Incremental change is an oxymoron and you will never walk to the light if that is the goal you seek. Doing something a little better every year gets you run over by those that are out to redefine the game. Never more true than today. If you are fortunate enough to be doing well at the game you currently play or think that you will be the winner on the other side of upheaval – at the top of your market or even finding lots of clients coming your way, you can live there if you choose. Incremental change means doing what you currently do better. Nothing wrong with it at all. Just do not say you want to get to the next level or redefine your and your art’s relevancy. The next level is not a flight of stairs up, it is another building entirely. Why the cliché is so silly. You can maximize the level you are on and that is a wonderful vision with a lot to it. Going to another level though, redefining your value, that asks you to believe in a reality you cannot yet comprehend.
Anyone who reads this blog knows that I am a Seth Godin fanatic. His mantra is that the connection economy, where making meaning, being an artist, is the new world order. Underneath the message is that change is the new normal.
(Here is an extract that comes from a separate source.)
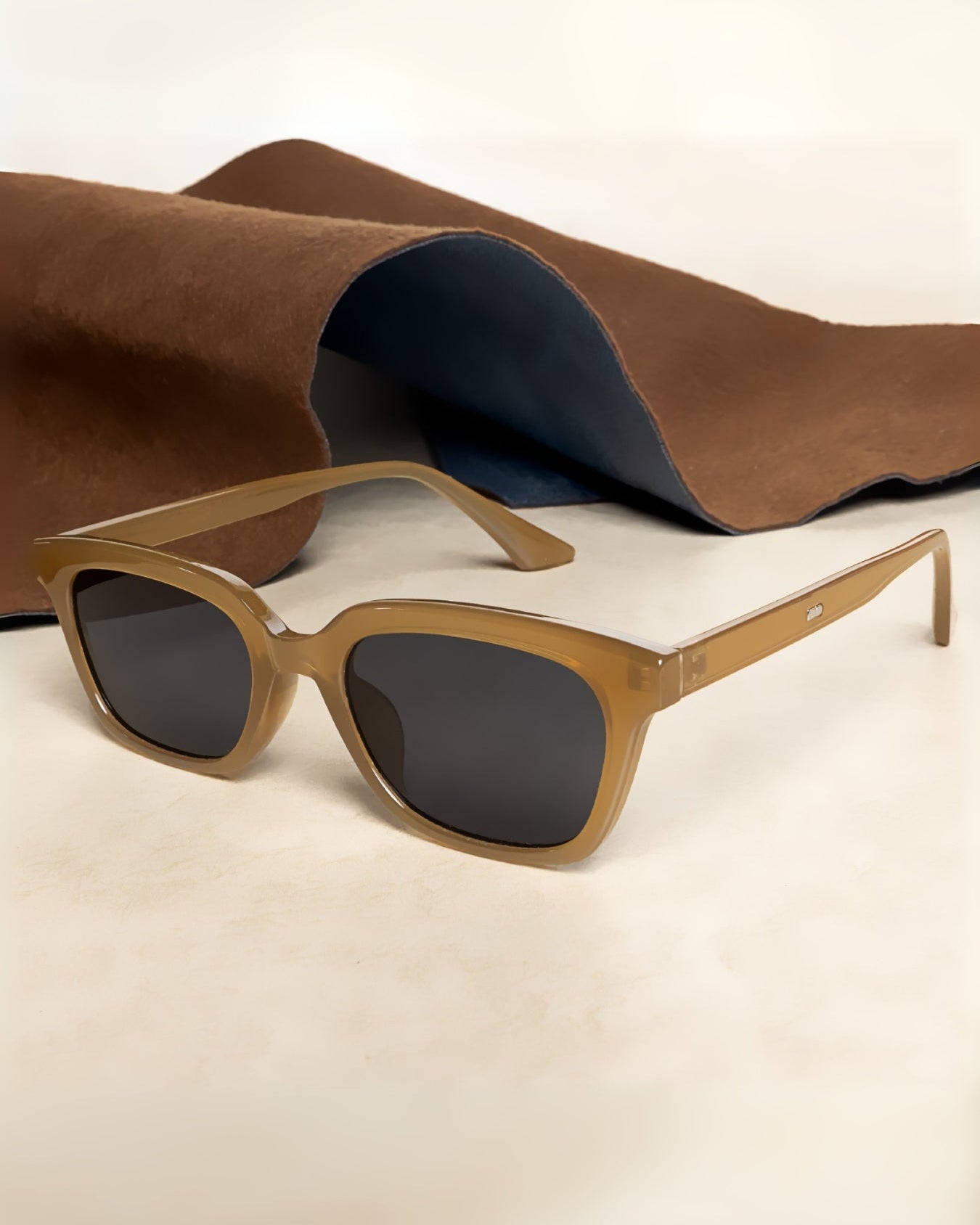 Sunglasses with brown frame and dark lenses on a light beige background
Resistance to change, the desire for predictability is its own undoing. Mass is dead, the Long Tail firmly ensconced. Delight your fans, forget the rest. Seth’s basic premise is that human relationship requires evolution, so too with creative business. Art transcends it medium precisely because trust is its economy. The foundation of trust is what allows change. This foundation IS the path forward through the pain and to the other side of what our world, our culture will become (hopefully).
Your fans will trust you as you risk what is next so long as you never forsake that trust. So give yourself permission to imagine a world just this side of impossible. Then walk to the light to consider leaping into that world. That is what the next level looks like. Change lives there as a compulsion to discover the possibility of what could happen. For those that want a tangible idea of what I am talking about, here goes.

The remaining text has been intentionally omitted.